Prefab Sprout’s lost Steve McQueen was a perfect slice of synth-pop heaven

Share this:

Prefab Sprout’s “When Love Breaks Down,” a synth-washed, melancholic Top 30 finisher in the UK, should have been a big hit in MTV-era America. Instead, after its release as part of Steve McQueen in June 1985, this Thomas Dolby-produced single never charted stateside.

The album disappeared, too. Probably because Steve McQueen was filled with songs like “Bonny” and “Appetite” that shared the same shimmeringly dark context for Paddy McAloon’s impeccably crafted lyrics. There was a deeper complexity elsewhere, however, as Prefab Sprout skipped through everything from soaring anthems (“Moving the River”) to Faron Young (a cover of his country gem “He’ll Have to Go”).

So, what happened?
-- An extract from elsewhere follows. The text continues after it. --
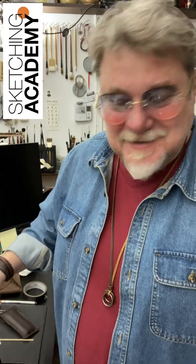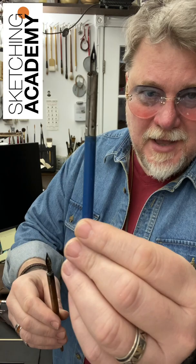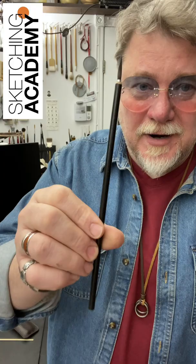Hello friends! I believe everybody knows what this is — it's Chinese or Indian ink, and it's a great tool for sketches. Normally people use very special tools for that, like this one or that one, or something like that, or we can use a calligraphy brush or liner brush like this.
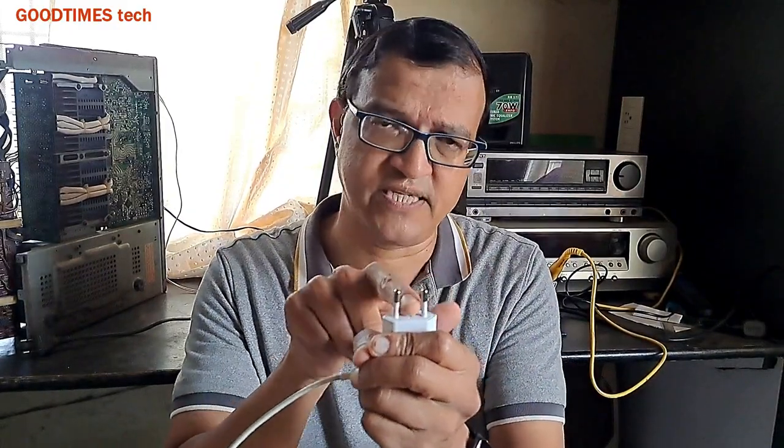With electronic devices it also happens that when you connect it to the plug it is switched on and working fine, but after a few minutes it automatically turns off. I have faced this problem myself. Many customers call me saying their TV or electronic device is not turning on. When I go to the customer's place, riding miles, I find that the plug is loose or not fixed properly. In many cases, the AC mains plug pins are of this kind.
McAloon was operating at a very distant remove, Thomas Dolby tells us, in an exclusive Something Else! Sitdown. “He is just one of those people who doesn’t like to go around, a problem that the band shared with XTC,” Dolby says of Paddy McAloon. “In order to crack in the U.S., you have to be willing to tour. That was just something you had to do.”

“When Love Breaks Down” was later covered by artists as diverse as the Zombies and Lisa Stansfield, even as Steve McQueen — renamed Two Wheels Good in America, after a dispute with McQueen’s estate — continued to impact its famous producer. “‘Nothing New Under The Sun’ (the opening track from Dolby’s most recent album, A Map of the Floating City) sounds a lot like the Spouts, in some ways,” their famous former producer adds.

In fact, Prefab Sprout’s Paddy McAloon remains a key confidant. “We’ve influenced each other a lot, not only when we were working together, but ongoing,” Dolby tells us. “I talk to him maybe twice a year. We hold each other in very high esteem. When I’m working, I might think: ‘What would Paddy do here?'”

Steve McQueen reached No. 21 on the UK charts, while stalling in the lower reaches of the Billboard 200. Prefab Sprout’s follow up, 1988’s From Langley Park to Memphis, shot to No. 5 in the UK, but didn’t chart at all in America. Prefab Sprout had two more Top 10 UK albums in the 1990s, before the Paddy McAloon-led group returned with a No. 17 UK release in 2013’s Crimson/Red.